Enfin, s'agissant des rappels de salaire sollicités sur les périodes interstitielles, la cour considère comme les premier juges qu'il convient de faire droit à la demande dans la mesure où durant les très brèves périodes entre deux contrats, M. [M] était dans l'impossibilité d'occuper un autre emploi et se tenait à la disposition permanente de l'employeur ; le chiffrage auquel a procédé M. [M] en pièce n°34 n'est pas spécialement critiqué par l'employeur et est validé par la cour, ainsi le jugement entrepris sera confirmé sur le montant des rappels de salaire alloués.
Sur l'obligation de sécurité :
Dans le cadre de l'obligation de sécurité pesant sur l'employeur destinée notamment à prévenir les risques pour la santé et la sécurité des salariés, la loi lui fait obligation de prendre les mesures nécessaires pour assurer la sécurité et protéger la santé physique et mentale des travailleurs.
Et l'
article L.4121-1 du code du travail🏛 lui fait obligation de mettre en place :
- des actions de prévention des risques professionnels et de la pénibilité au travail,
- des actions d'information et de formation,
- une organisation et des moyens adaptés,
et de veiller à l'adaptation de ces mesures pour tenir compte du changement des circonstances et tendre à l'amélioration des situations existantes.
L'
article R.4624-10 du Code du travail🏛, dans sa version antérieure au 1er janvier 2017 et applicable au début de la relation de travail de M. [M], prévoyait que le salarié bénéficiait d'un examen médical avant l'embauche ou au plus tard avant l'expiration de la période d'essai par le médecin du travail.

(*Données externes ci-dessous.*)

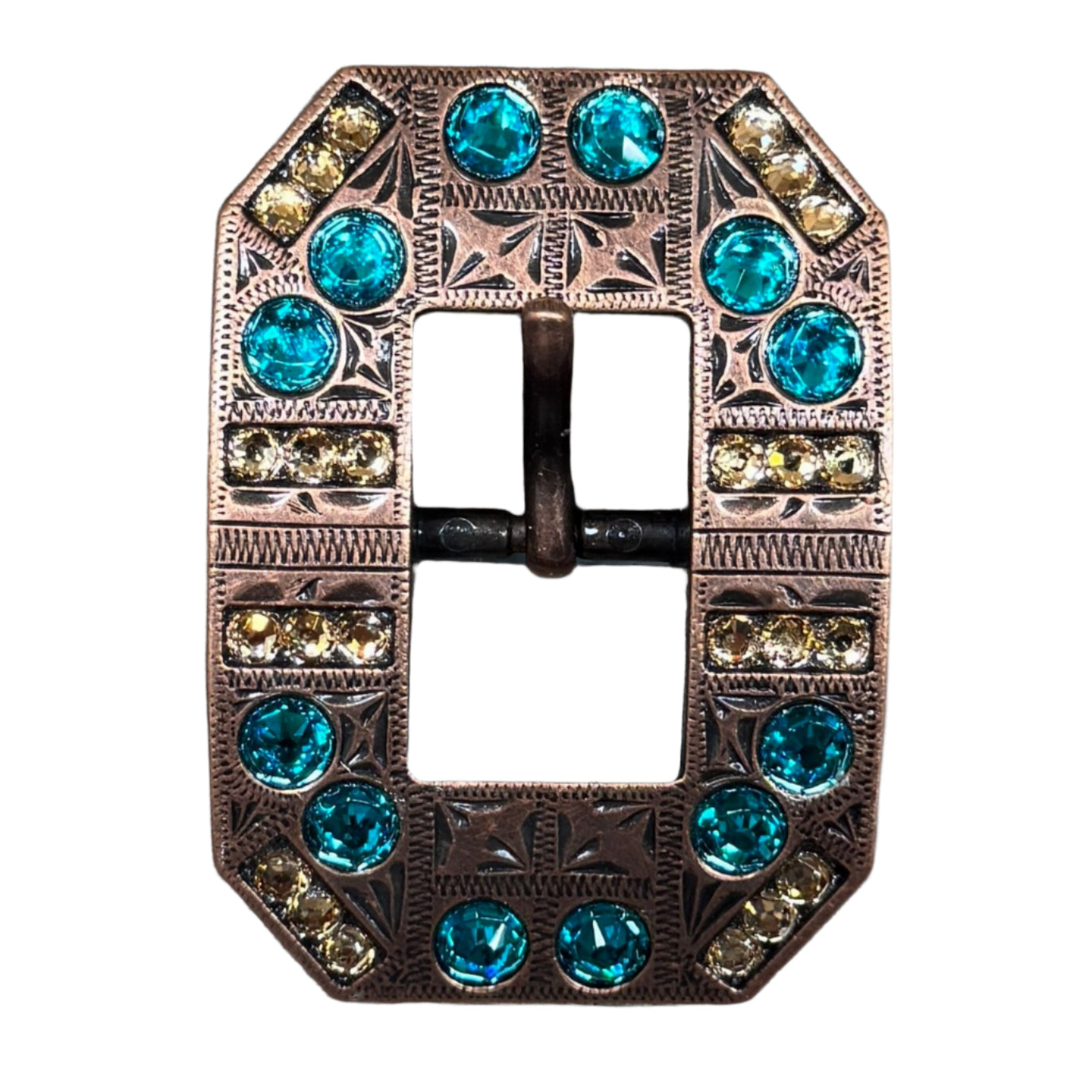 Copper Teal, Champagne Crystal Conchos Sizes from 1"-3" and Buckles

L'article R. 4624-24 du Code du travail, applicable depuis le 1er janvier 2017, prévoit l'obligation pour l'employeur d'organiser une visite d'information et de prévention dans un délai qui n'excède pas trois mois à compter de la prise effective du poste de travail, ou, s'il s'agit d'un emploi à risque, d'organiser une visite d'aptitude d'embauche.
En l'espèce, M. [M] soutient que l'employeur a manqué à son obligation de sécurité en ne lui faisant pas passer de visite médicale, lors de son embauche le 21 novembre 2016. Il est constant que le salarié n'a pas bénéficié d'une telle visite.
De plus, il résulte des pièces produites que la dernière visite médicale dont a bénéficié le salarié date de 2013, alors qu'il aurait dû faire l'objet d'un suivi médical renforcé en ce qu'il était exposé à des agents biologiques et à des allergènes respiratoires T66, et qu'il travaillait de nuit.
La clinique du [4] justifie certes de difficultés rencontrées par la médecine du travail en raison d'une pénurie de médecins pour assurer le suivi des salariés de la clinique, néanmoins les courriers évoquant ces difficultés sont datés de 2019 et 2020 soit postérieurement au départ du salarié, et sont très postérieurs à la période au cours de laquelle le suivi aurait dû être effectué.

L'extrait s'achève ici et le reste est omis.